Inference by Closing Boxes

  • Factorizations provide opportunities to cut on the amount of needed computations when doing inference. In what follows, we will use FFGs to process these opportunities in an automatic way by message passing between the nodes of the graph.
  • Assume we wish to compute the marginal $$ \bar{f}(x_3) = \sum_{x_1,x_2,x_4,x_5,x_6,x_7}f(x_1,x_2,\ldots,x_7) $$ where $f$ is factorized as given by the following FFG (we will discuss the usage of directed edges below).

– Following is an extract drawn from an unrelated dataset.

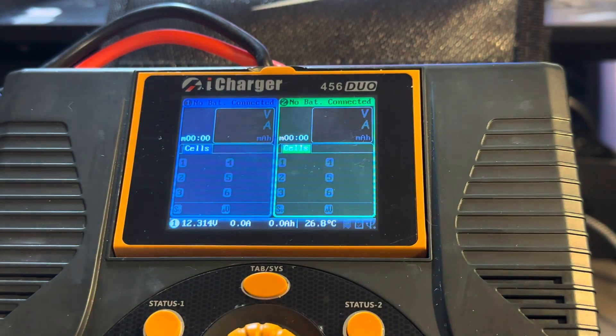There we go — we have upgraded the firmware on the iCharger 456 Duo. You can then watch the other videos to get the how-to for setting the discharge settings. Alright, thanks again. Bye.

  • Due to the factorization, we can decompose this sum by the distributive law as $$\begin{align*} \bar{f}(x_3) = & \underbrace{ \left( \sum_{x_1,x_2} f_a(x_1)\,f_b(x_2)\,f_c(x_1,x_2,x_3)\right) }_{\overrightarrow{\mu}_{X_3}(x_3)} \\ & \underbrace{ \cdot\left( \sum_{x_4,x_5} f_d(x_4)\,f_e(x_3,x_4,x_5) \cdot \underbrace{ \left( \sum_{x_6,x_7} f_f(x_5,x_6,x_7)\,f_g(x_7)\right) }_{\overleftarrow{\mu}_{X_5}(x_5)} \right) }_{\overleftarrow{\mu}_{X_3}(x_3)} \end{align*}$$ which is computationally (much) lighter than executing the full sum $\sum_{x_1,\ldots,x_7}f(x_1,x_2,\ldots,x_7)$

  • Note that $\overleftarrow{\mu}_{X_5}(x_5)$ is obtained by multiplying all enclosed factors ($f_f$, $f_g$) by the green dashed box, followed by marginalization over all enclosed variables ($x_6$, $x_7$).
  • This is the Closing the Box-rule, which is a general recipe for marginalization of hidden variables and leads to a new factor with outgoing (sum-product) message $$ \mu_{\text{SP}} = \sum_{ \stackrel{ \textrm{enclosed} }{ \textrm{variables} } } \;\prod_{\stackrel{ \textrm{enclosed} }{ \textrm{factors} }} $$
  • Crucially, all message update rules can be computed from information that is locally available at each node.
  • We drew directed edges in the FFG in order to distinguish forward messages $\overrightarrow{\mu}_\bullet(\cdot)$ (in the same direction as the arrow of the edge) from backward messages $\overleftarrow{\mu}_\bullet(\cdot)$ (in opposite direction). This is just a notational convenience since an FFG is computationally an undirected graph.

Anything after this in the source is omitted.